[The input — start]

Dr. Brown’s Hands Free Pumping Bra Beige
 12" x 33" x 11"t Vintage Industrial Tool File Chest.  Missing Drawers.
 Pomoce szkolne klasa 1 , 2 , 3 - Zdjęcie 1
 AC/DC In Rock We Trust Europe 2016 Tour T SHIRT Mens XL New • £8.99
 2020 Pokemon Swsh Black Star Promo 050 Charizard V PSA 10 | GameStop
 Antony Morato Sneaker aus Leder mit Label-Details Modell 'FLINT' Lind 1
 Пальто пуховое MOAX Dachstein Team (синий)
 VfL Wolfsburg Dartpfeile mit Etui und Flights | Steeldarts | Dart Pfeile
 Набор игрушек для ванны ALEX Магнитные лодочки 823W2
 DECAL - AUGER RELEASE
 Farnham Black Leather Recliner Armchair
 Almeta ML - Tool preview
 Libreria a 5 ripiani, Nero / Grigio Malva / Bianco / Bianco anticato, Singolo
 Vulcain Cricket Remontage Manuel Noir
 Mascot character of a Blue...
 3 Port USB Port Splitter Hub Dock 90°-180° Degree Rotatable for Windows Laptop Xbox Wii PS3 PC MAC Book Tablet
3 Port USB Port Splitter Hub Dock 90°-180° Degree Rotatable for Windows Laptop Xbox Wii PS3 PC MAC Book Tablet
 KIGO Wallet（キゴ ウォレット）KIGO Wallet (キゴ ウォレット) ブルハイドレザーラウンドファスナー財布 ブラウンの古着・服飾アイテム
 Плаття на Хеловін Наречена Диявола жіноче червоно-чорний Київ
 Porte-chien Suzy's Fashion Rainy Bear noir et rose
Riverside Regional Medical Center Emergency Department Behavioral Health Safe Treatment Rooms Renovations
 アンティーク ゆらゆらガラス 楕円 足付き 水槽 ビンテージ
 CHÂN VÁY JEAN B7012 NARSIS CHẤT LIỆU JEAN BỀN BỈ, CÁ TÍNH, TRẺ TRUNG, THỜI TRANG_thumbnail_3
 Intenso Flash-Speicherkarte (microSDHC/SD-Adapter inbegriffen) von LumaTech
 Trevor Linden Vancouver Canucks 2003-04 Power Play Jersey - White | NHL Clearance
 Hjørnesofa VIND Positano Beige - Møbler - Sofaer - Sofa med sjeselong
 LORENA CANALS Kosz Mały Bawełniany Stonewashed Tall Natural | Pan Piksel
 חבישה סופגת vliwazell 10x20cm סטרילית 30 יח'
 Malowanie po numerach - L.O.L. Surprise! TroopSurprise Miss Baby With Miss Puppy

[The input — finish]

• [Exercise brief]: Take the entries above and return all of them exactly.

• [Output for this exercise]:
Dr. Brown’s Hands Free Pumping Bra Beige
 12" x 33" x 11"t Vintage Industrial Tool File Chest.  Missing Drawers.
 Pomoce szkolne klasa 1 , 2 , 3 - Zdjęcie 1
 AC/DC In Rock We Trust Europe 2016 Tour T SHIRT Mens XL New • £8.99
 2020 Pokemon Swsh Black Star Promo 050 Charizard V PSA 10 | GameStop
 Antony Morato Sneaker aus Leder mit Label-Details Modell 'FLINT' Lind 1
 Пальто пуховое MOAX Dachstein Team (синий)
 VfL Wolfsburg Dartpfeile mit Etui und Flights | Steeldarts | Dart Pfeile
 Набор игрушек для ванны ALEX Магнитные лодочки 823W2
 DECAL - AUGER RELEASE
 Farnham Black Leather Recliner Armchair
 Almeta ML - Tool preview
 Libreria a 5 ripiani, Nero / Grigio Malva / Bianco / Bianco anticato, Singolo
 Vulcain Cricket Remontage Manuel Noir
 Mascot character of a Blue...
 3 Port USB Port Splitter Hub Dock 90°-180° Degree Rotatable for Windows Laptop Xbox Wii PS3 PC MAC Book Tablet
3 Port USB Port Splitter Hub Dock 90°-180° Degree Rotatable for Windows Laptop Xbox Wii PS3 PC MAC Book Tablet
 KIGO Wallet（キゴ ウォレット）KIGO Wallet (キゴ ウォレット) ブルハイドレザーラウンドファスナー財布 ブラウンの古着・服飾アイテム
 Плаття на Хеловін Наречена Диявола жіноче червоно-чорний Київ
 Porte-chien Suzy's Fashion Rainy Bear noir et rose
Riverside Regional Medical Center Emergency Department Behavioral Health Safe Treatment Rooms Renovations
 アンティーク ゆらゆらガラス 楕円 足付き 水槽 ビンテージ
 CHÂN VÁY JEAN B7012 NARSIS CHẤT LIỆU JEAN BỀN BỈ, CÁ TÍNH, TRẺ TRUNG, THỜI TRANG_thumbnail_3
 Intenso Flash-Speicherkarte (microSDHC/SD-Adapter inbegriffen) von LumaTech
 Trevor Linden Vancouver Canucks 2003-04 Power Play Jersey - White | NHL Clearance
 Hjørnesofa VIND Positano Beige - Møbler - Sofaer - Sofa med sjeselong
 LORENA CANALS Kosz Mały Bawełniany Stonewashed Tall Natural | Pan Piksel
 חבישה סופגת vliwazell 10x20cm סטרילית 30 יח'
 Malowanie po numerach - L.O.L. Surprise! TroopSurprise Miss Baby With Miss Puppy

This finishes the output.